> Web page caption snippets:
----
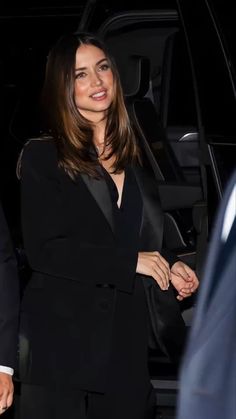 a woman in a black suit is standing next to a car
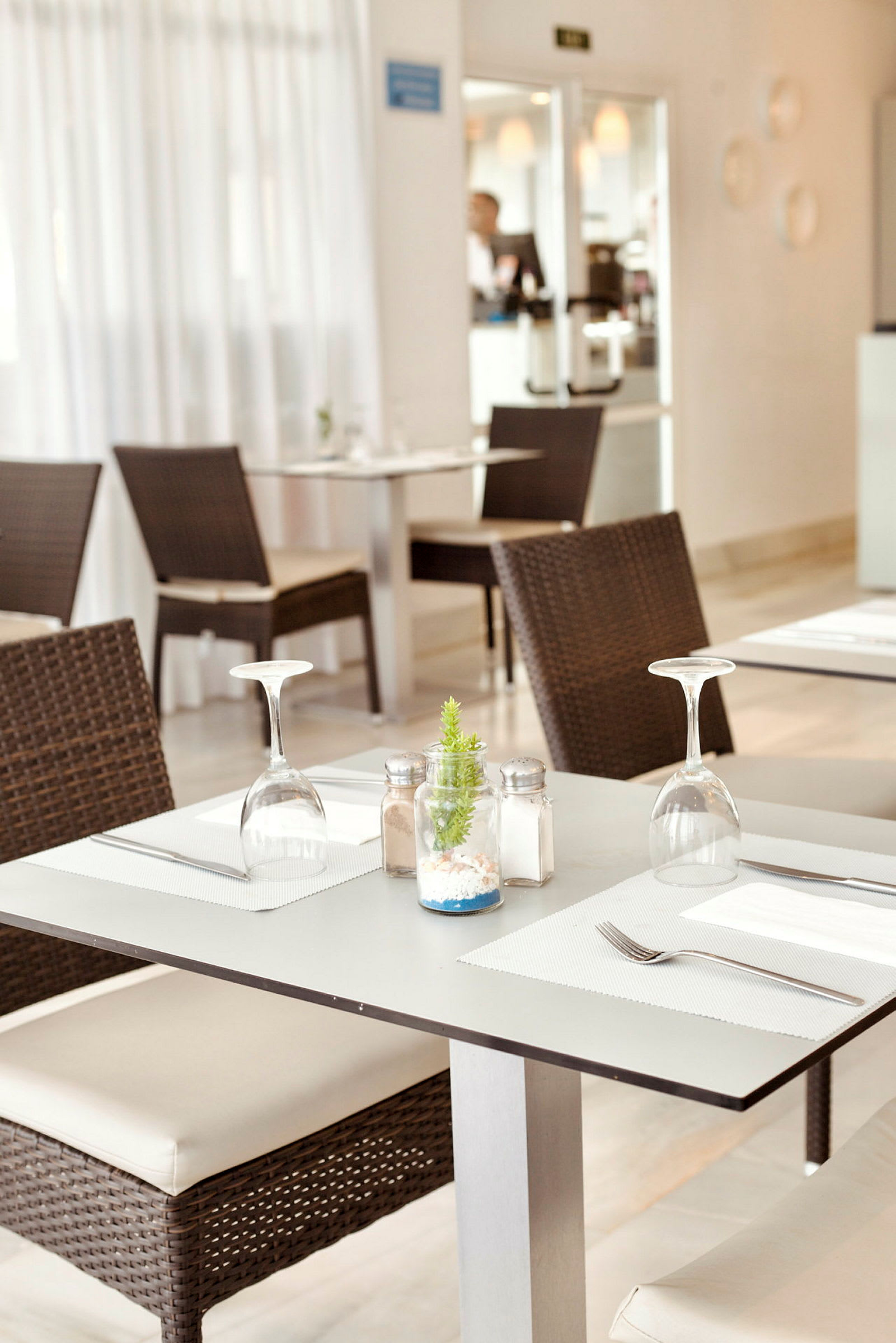 Et dækket bord med stole i en restaurant. (AI-genereret tekst)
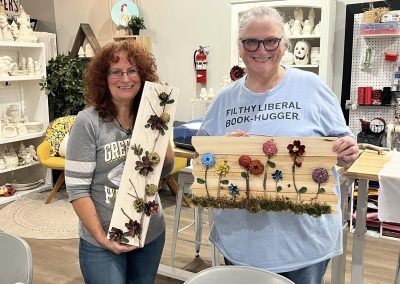 colorful pinecone art on wood background at Crafters on Central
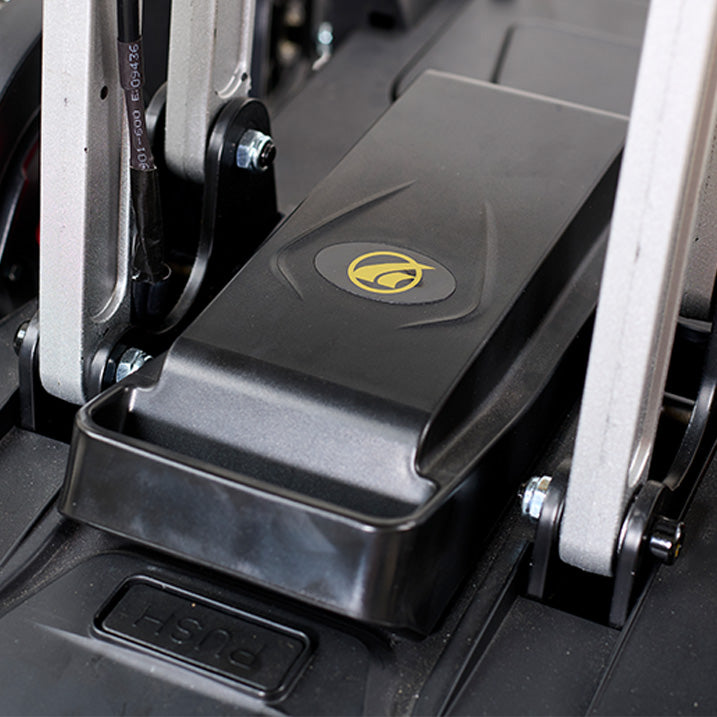 Close-up of a black foot pedal with a logo on a piece of exercise equipment.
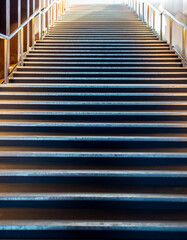 Illuminated stairs coming from underground pedestrian passage leading into the light, Copenhagen, Denmark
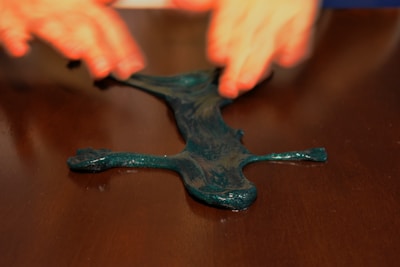 Close-up of vibrant, colorful slime textures stretched and twisted on a wooden table.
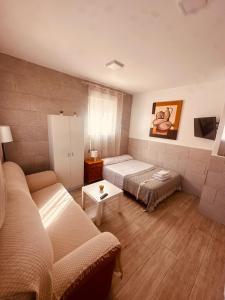 sala de estar con 2 camas y sofá en Apartamentos Murallas Merinies, en Ceuta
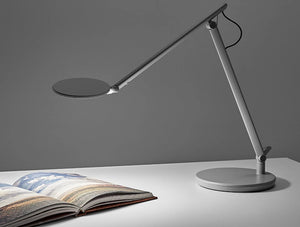 Humanscale Nova Adjustable Desk Light With Charging Desktop Base 5 In Gray On White Table With Book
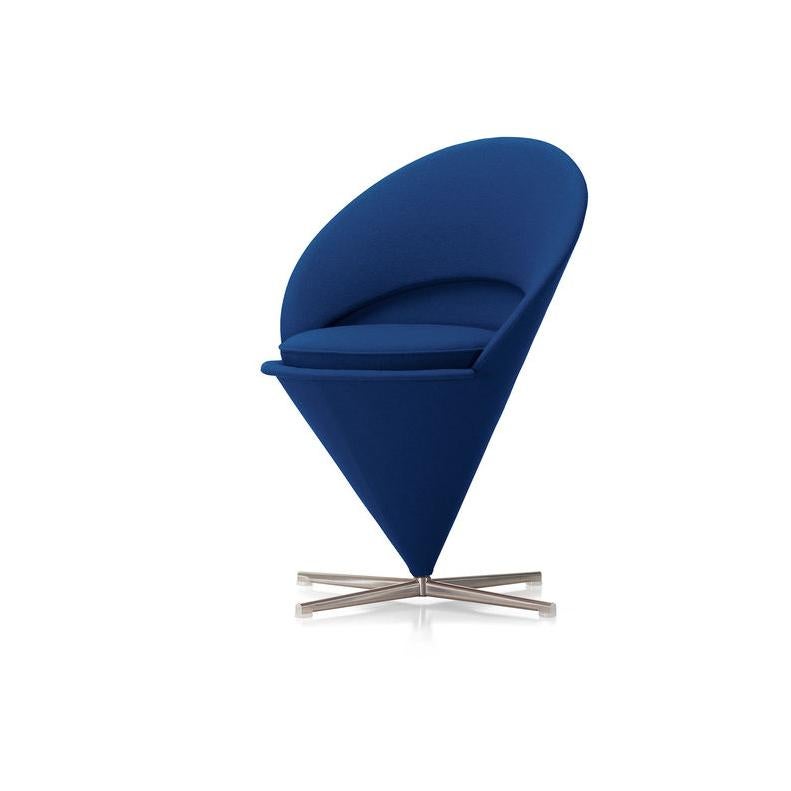 Chair designed by Verner Panton in 1958.
Manufactured by Vitra, Switzerland.

Verner Panton originally designed the Cone Chair for a restaurant in Denmark. It takes its shape from the classic geometric figure for which it is named. The padded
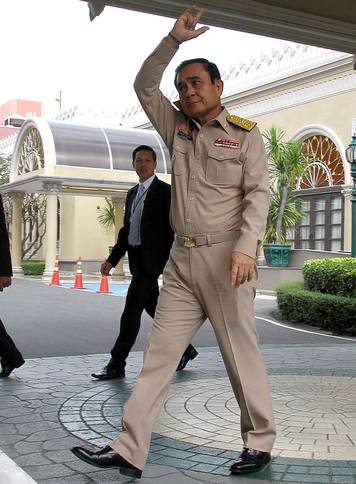 Thailand's Prime Minster Prayuth Chan-ocha waves to reporters next to a cardboard cut-out of himself at the government house in Bangkok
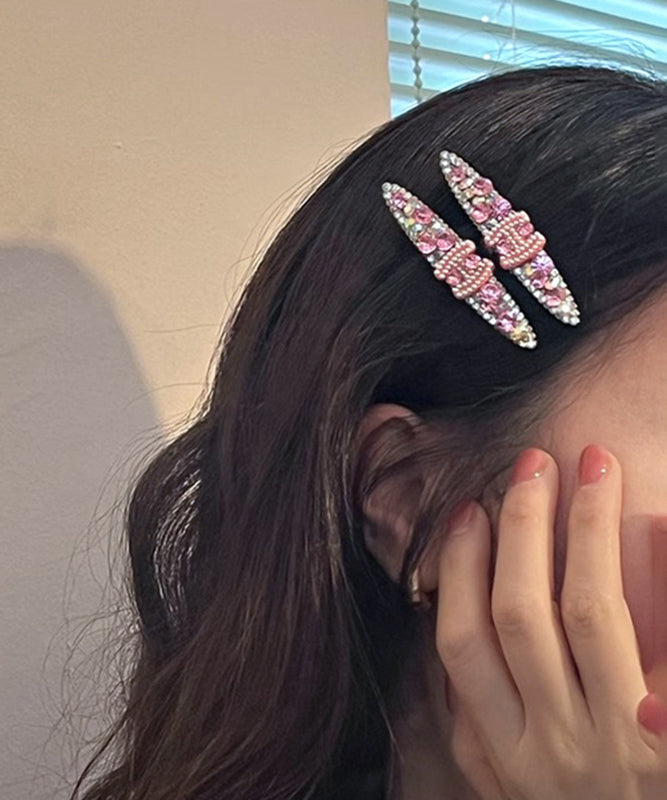 Pink Metal Zircon Pearl Graphic Hairpin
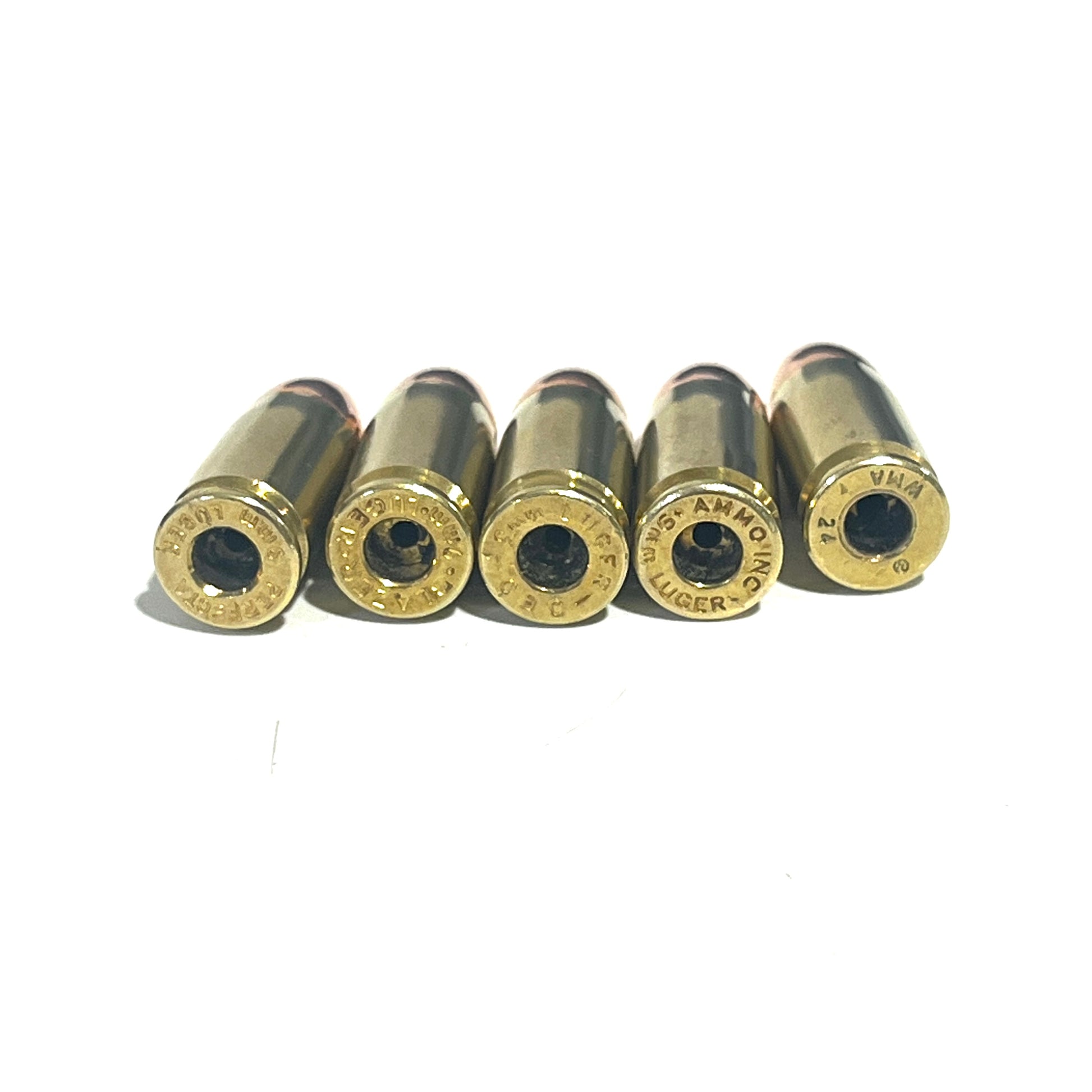 Five deprimed 9mm brass casing bases with empty primer pockets lined up in a row on a white background.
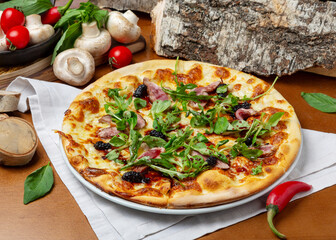 Italian pizza with duck and arugula on wooden background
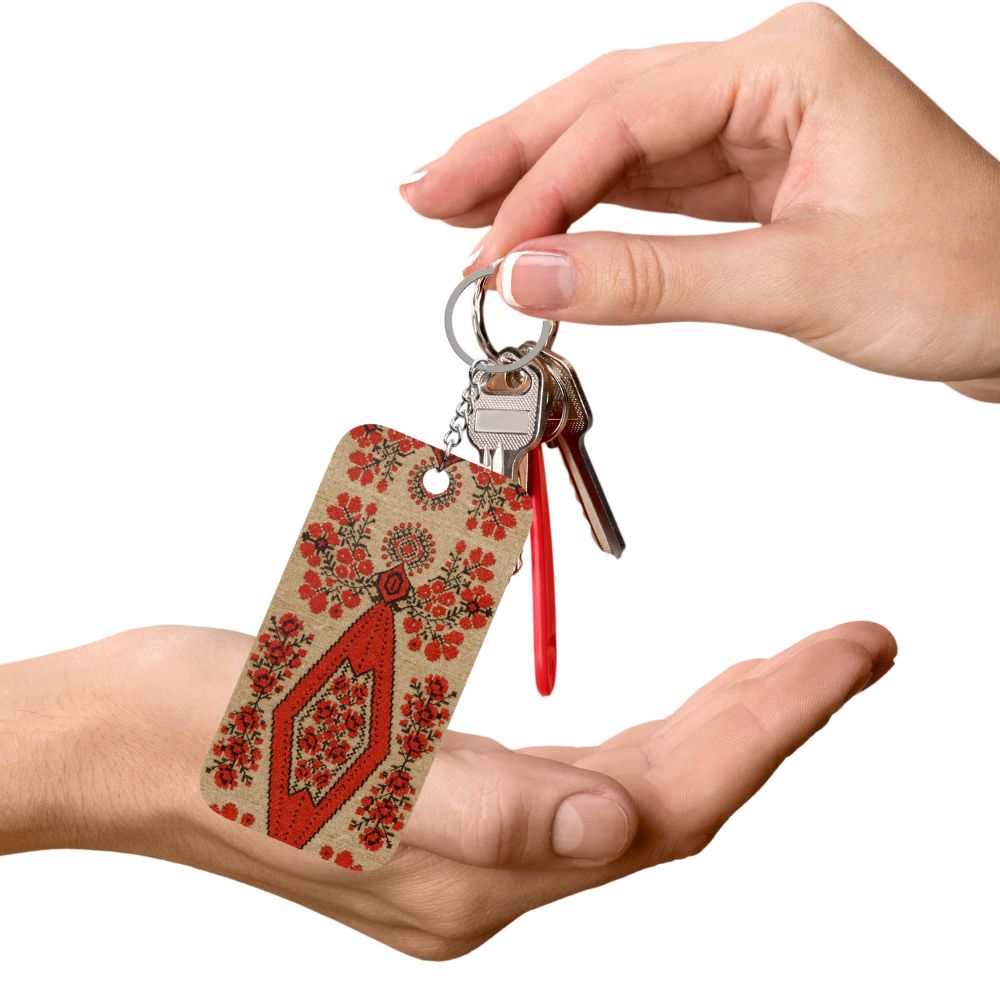 Ukrainian Berehynia keychain with red floral folk art pattern
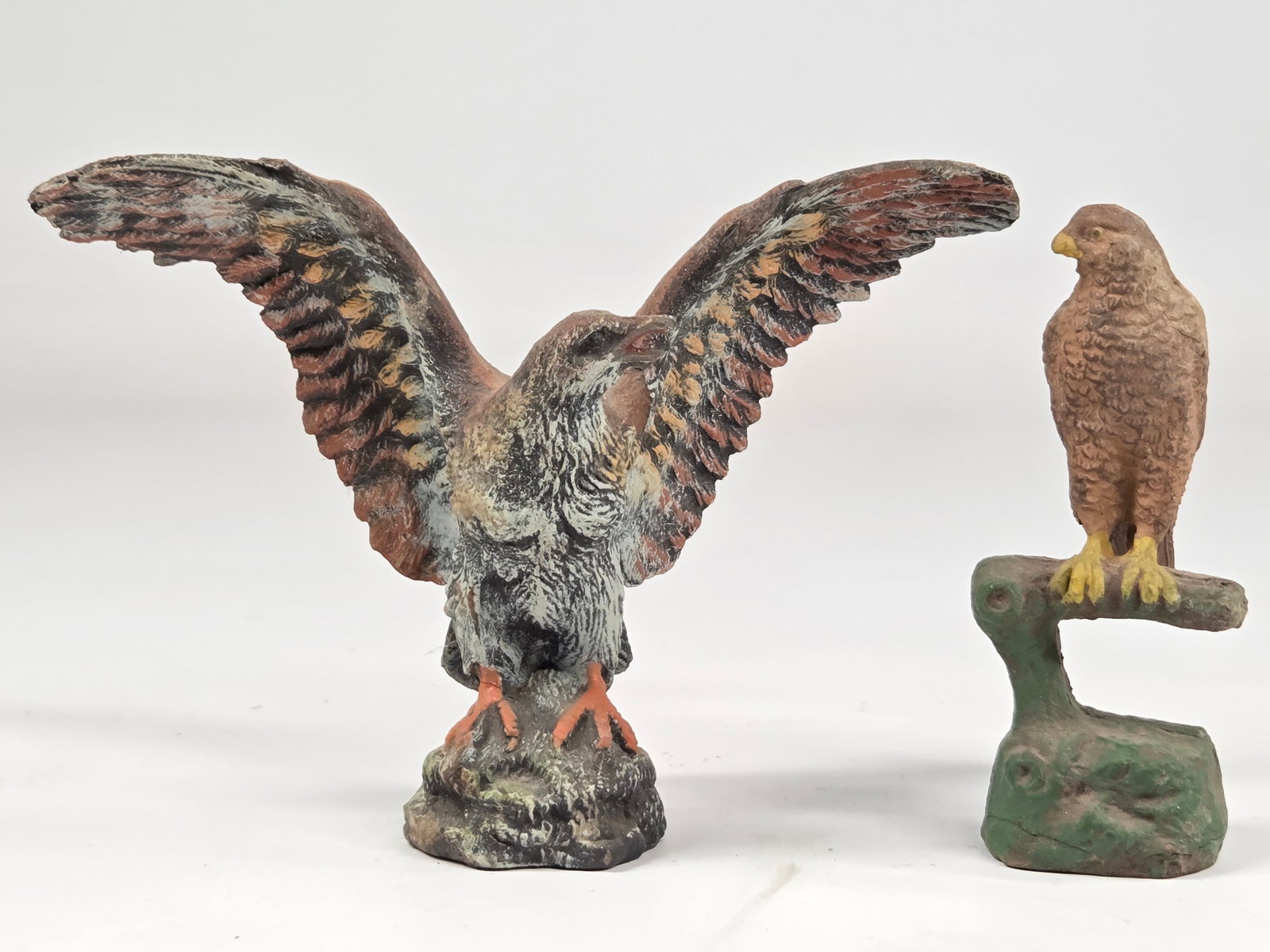 2) ANTIQUE GERMAN COMPOSITION BIRDS: BOTH REMAIN IN GOOD CONDITION. HAWK ON BRANCH SHOWING SOME CRACKS.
----
> WHAT YOU HAVE TO DO: Start to finish, write out the data above exactly, omitting all pictures.

> EXPECTED OUTPUT:
 a woman in a black suit is standing next to a car
 Et dækket bord med stole i en restaurant. (AI-genereret tekst)
 colorful pinecone art on wood background at Crafters on Central
 Close-up of a black foot pedal with a logo on a piece of exercise equipment.
 Illuminated stairs coming from underground pedestrian passage leading into the light, Copenhagen, Denmark
 Close-up of vibrant, colorful slime textures stretched and twisted on a wooden table.
 sala de estar con 2 camas y sofá en Apartamentos Murallas Merinies, en Ceuta
 Humanscale Nova Adjustable Desk Light With Charging Desktop Base 5 In Gray On White Table With Book
 Chair designed by Verner Panton in 1958.
Manufactured by Vitra, Switzerland.

Verner Panton originally designed the Cone Chair for a restaurant in Denmark. It takes its shape from the classic geometric figure for which it is named. The padded
 Thailand's Prime Minster Prayuth Chan-ocha waves to reporters next to a cardboard cut-out of himself at the government house in Bangkok
 Pink Metal Zircon Pearl Graphic Hairpin
 Five deprimed 9mm brass casing bases with empty primer pockets lined up in a row on a white background.
 Italian pizza with duck and arugula on wooden background
 Ukrainian Berehynia keychain with red floral folk art pattern
 2) ANTIQUE GERMAN COMPOSITION BIRDS: BOTH REMAIN IN GOOD CONDITION. HAWK ON BRANCH SHOWING SOME CRACKS.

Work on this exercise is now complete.